Clark, Callum
(2023)
Investigating predation by the predatory bacterium Bdellovibrio bacteriovorus at the interface between predatory bacteria, pathogenic prey, and the host immune response.
PhD thesis, University of Nottingham.
Abstract
Bdellovibrio bacteriovorus is a Gram-negative predatory bacterium that is able to prey upon and kill other Gram-negative bacteria, including bacterial pathogens that are resistant to antibiotic treatment. This suggests that B. bacteriovorus, or components of its predatory lifecycle, may be of great use in the continued treatment of bacterial infection, as novel antimicrobial therapies. However, before B. bacteriovorus can be applied to these scenarios, we must understand how the eukaryotic immune response may alter the efficacy of predation.
B. bacteriovorus has been postulated to be less immunogenic than other Gram-negative bacteria, in part due to its outer membrane containing a modified Lipid A head group that reduces detection by host pattern recognition receptors and interactions with bactericidal antimicrobial proteins, two key components of the innate immune response. However, the interactions between B. bacteriovorus and the cells of the immune system have still not been fully characterised.
In the first part of my PhD, I aimed to characterise how predation by B. bacteriovorus proceeds, and may be affected, within a host. Building on previous lab findings, I discovered that, in the context of large changes in transcription, transcriptional upregulation of some major surface components by the pathogen Serratia marcescens, whilst in human serum, led to resistance to predation. The main outer membrane component implicated in this resistance period was Lipid A, which had been modified with an L-Ara(4)N sugar to reduce its negative charge. Disruption of this LPS modification pathway, through directed gene deletion, did delay the development of resistance to predation in serum, but did not abrogate it entirely, suggesting that other surface components or factors also contribute to this resistance phenotype. This work demonstrates that host environmental factors can modify Gram-negative pathogen behaviour and therefore impact the efficacy of predation by B. bacteriovorus.
In the second part of my PhD, I focus on the interactions between B. bacteriovorus and macrophages, which are a key component of the mammalian innate immune system, asking what molecular factors allow B. bacteriovorus to temporarily survive for approximately 24 hours inside macrophages. This is relevant to understanding and enhancing the efficacy of predation within a human host.
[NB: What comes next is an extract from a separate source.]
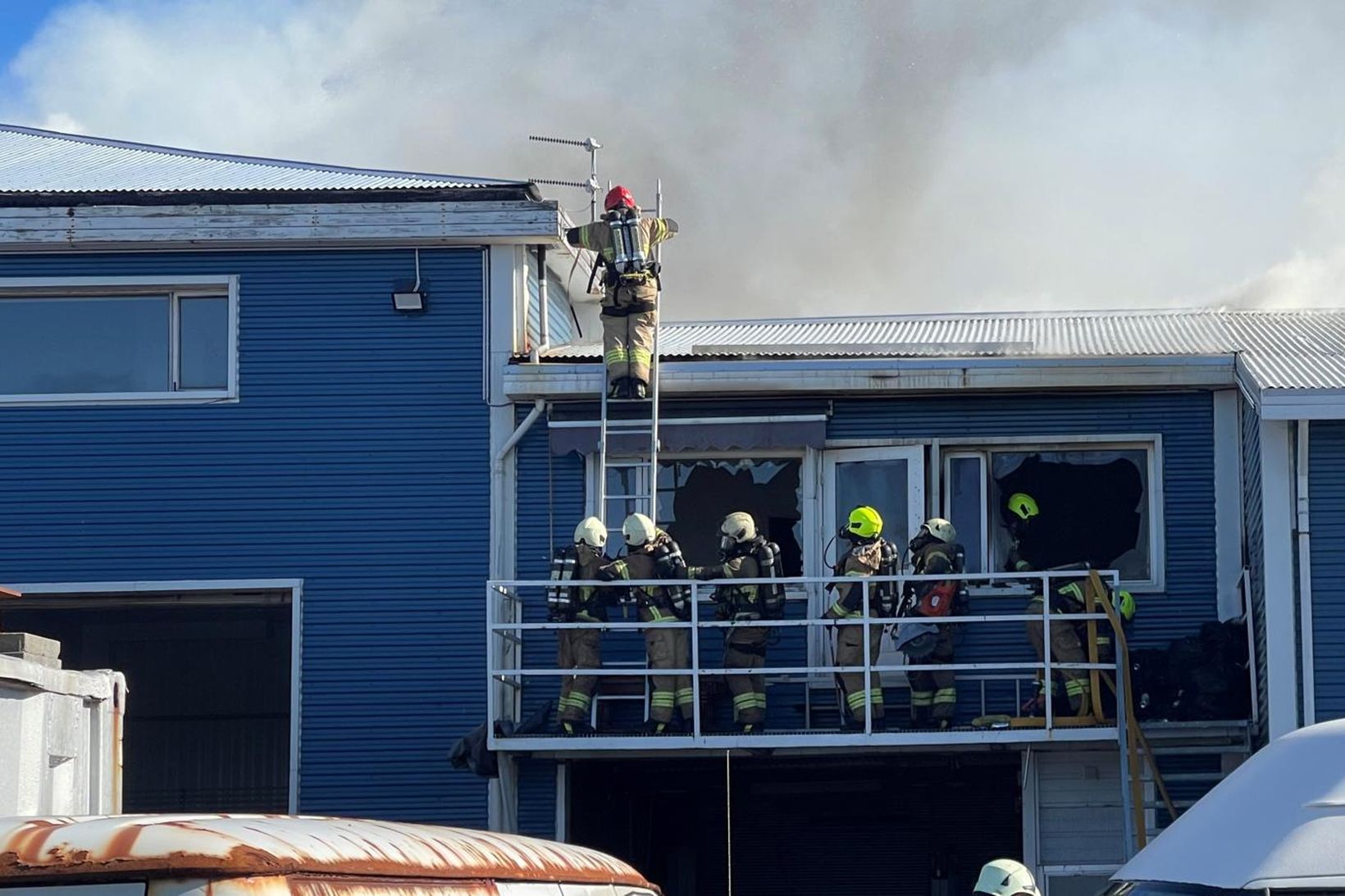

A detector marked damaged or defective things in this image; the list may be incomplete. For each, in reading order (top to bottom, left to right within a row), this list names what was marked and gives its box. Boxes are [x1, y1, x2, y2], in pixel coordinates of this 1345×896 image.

Focusing on genes related to oxidative stress tolerance, that are involved in prolonging the survival of pathogens within the phagosomes of macrophages, I asked whether these genes contribute to the temporary tolerance of phagosomal conditions, extending Bdellovibrio survival, and whether these genes also play a role in tolerating the oxidative stresses experienced by Bdellovibrio throughout predation. I discovered that two alkyl hydroperoxide reductase proteins and a “survival associated” chaperone protein were essential for predation, whilst a single superoxide dismutase (SodC) enzyme contributed to both predation and macrophage survival.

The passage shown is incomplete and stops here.